[What to produce] Output the data below only from the line containing "49 Robbins Street, Hinsdale, NH 03451" up to and including the line containing "FORD FIESTA", exact and with the pictures left out.

[Information given]
┌────────

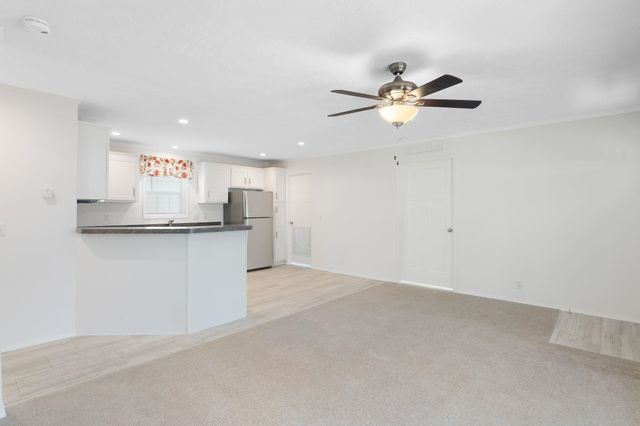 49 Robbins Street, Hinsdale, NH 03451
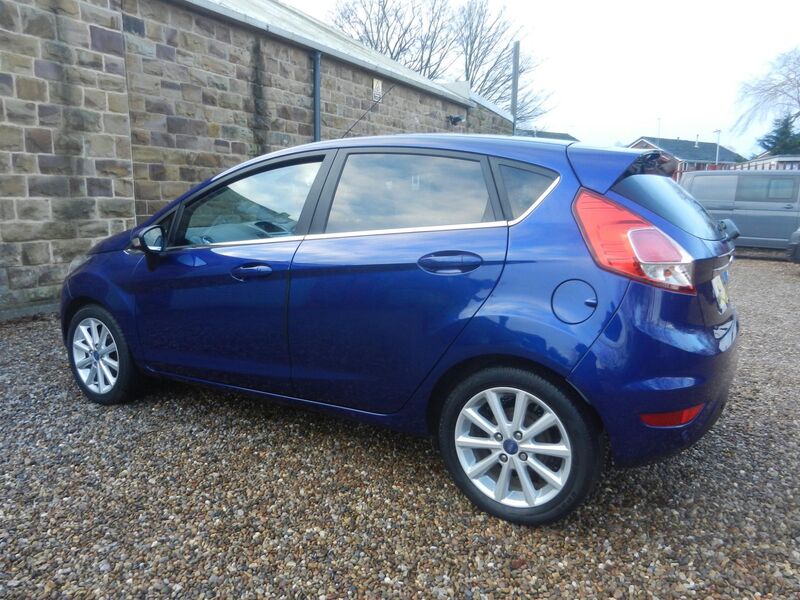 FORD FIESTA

└────────
┌────────

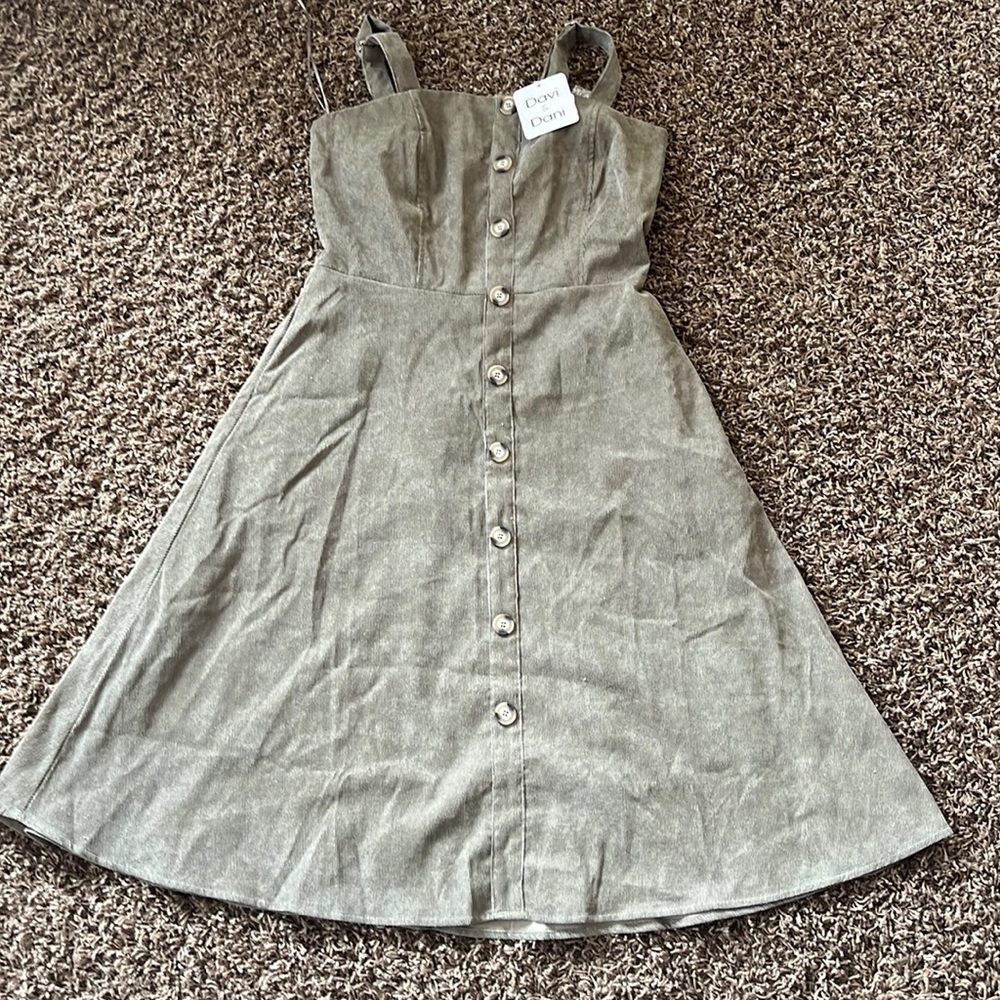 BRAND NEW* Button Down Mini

└────────

[Response to the task]
 49 Robbins Street, Hinsdale, NH 03451
 FORD FIESTA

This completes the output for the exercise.